15 de fevereiro de 2008
Depois de alguns impasses em sua filmografia representados por filmes mais digeríveis nas bilheterias como O amor custa caro (2003), um melodrama de suspense elegante vivido pelos rostos amáveis de George Clooney e Catherine Zeta-Jones, e Matadores de velhinhas (2004), uma anedota simplória interpretada com virtuosismo por Tom Hanks, os irmãos cineastas norte-americanos Joel e Ethan Coen voltam à forma de um cinema cru e sem concessões em Onde os fracos não têm vez (No country for old men; 2007).
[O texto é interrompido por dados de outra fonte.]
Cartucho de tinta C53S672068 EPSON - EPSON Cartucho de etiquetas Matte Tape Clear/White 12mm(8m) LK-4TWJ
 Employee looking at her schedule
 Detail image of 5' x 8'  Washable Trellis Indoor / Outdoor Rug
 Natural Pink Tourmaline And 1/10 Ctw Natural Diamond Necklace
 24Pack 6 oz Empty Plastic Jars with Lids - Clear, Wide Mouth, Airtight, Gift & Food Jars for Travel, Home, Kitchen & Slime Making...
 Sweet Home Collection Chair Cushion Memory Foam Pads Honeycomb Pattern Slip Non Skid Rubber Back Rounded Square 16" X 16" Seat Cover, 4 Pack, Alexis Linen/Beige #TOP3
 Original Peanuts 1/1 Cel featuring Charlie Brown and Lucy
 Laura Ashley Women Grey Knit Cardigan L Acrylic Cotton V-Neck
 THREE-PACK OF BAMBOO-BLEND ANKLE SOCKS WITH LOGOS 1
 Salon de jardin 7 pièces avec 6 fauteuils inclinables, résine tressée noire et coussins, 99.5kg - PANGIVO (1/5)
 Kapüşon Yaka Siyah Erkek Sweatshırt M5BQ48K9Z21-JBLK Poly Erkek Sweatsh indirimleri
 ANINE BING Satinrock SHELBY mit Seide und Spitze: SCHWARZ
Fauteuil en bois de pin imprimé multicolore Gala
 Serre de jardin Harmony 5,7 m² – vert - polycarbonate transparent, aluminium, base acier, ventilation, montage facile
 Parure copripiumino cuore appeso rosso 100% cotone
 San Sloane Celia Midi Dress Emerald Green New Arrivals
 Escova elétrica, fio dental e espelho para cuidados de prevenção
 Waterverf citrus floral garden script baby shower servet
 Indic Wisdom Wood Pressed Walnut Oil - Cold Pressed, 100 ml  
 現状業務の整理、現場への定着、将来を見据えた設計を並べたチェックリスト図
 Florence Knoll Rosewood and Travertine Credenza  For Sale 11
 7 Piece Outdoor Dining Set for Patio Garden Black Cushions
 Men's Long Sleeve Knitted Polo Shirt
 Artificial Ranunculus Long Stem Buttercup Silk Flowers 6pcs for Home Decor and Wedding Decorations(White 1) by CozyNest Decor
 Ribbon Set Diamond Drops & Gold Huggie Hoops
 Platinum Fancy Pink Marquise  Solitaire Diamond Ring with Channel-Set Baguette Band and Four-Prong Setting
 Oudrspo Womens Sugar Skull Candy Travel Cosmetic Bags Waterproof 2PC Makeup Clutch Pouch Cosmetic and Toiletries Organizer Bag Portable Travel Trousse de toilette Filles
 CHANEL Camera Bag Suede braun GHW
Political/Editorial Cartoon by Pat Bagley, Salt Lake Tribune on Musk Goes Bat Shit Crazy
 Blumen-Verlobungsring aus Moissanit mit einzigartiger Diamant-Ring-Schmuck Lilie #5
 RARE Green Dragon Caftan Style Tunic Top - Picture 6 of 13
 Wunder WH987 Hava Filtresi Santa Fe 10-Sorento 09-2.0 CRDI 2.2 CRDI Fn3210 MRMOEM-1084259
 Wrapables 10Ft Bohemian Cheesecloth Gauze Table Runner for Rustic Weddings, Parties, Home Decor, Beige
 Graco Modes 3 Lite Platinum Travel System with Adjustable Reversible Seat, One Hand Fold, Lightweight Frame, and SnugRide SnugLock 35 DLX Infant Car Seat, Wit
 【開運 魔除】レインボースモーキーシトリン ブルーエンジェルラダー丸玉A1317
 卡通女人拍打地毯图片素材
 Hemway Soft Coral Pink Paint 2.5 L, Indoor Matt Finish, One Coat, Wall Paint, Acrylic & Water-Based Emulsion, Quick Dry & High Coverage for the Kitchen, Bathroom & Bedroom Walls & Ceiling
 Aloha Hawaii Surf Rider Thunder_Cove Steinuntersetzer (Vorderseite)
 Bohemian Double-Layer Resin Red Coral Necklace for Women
Uma linguagem cinematográfica inóspita e cerebralmente brutal dá a dimensão ousada da narrativa dos Coen; com um roteiro preciso e celeremente marcado extraído do romance do norte-americano Cormack McCarthy, os realizadores constroem o que se poderia chamar um neofaroeste-limite, pós-moderno, retirado das tradições mas sem o chão destas tradições, identificamos os elementos do gênero (os cenários desolados, os grandes planos abertos, o xerife, um inusitado mocinho, um malvado para além de tudo) mas não procedemos às ligações entre estes elementos. É como se os Coen bebessem na água de Tragam-me a cabeça de Alfredo Garcia (1974), mas contaminassem esta água para que ela não pudesse espelhar nada. Um pouco da estranheza de Onde os fracos não têm vez nasce do mesmo sentimento rural de Peckinpah: os limites geográficos duma produção de cinema entre o Texas e o México, onde os anglo-saxões topam com a latinidade, espelhada na música que alguns cantadores mexicanos entoam diante do ator Josh Brolin cuja personagem, ferida, acaba de acordar atirado numa praça esquisita pós-fronteira.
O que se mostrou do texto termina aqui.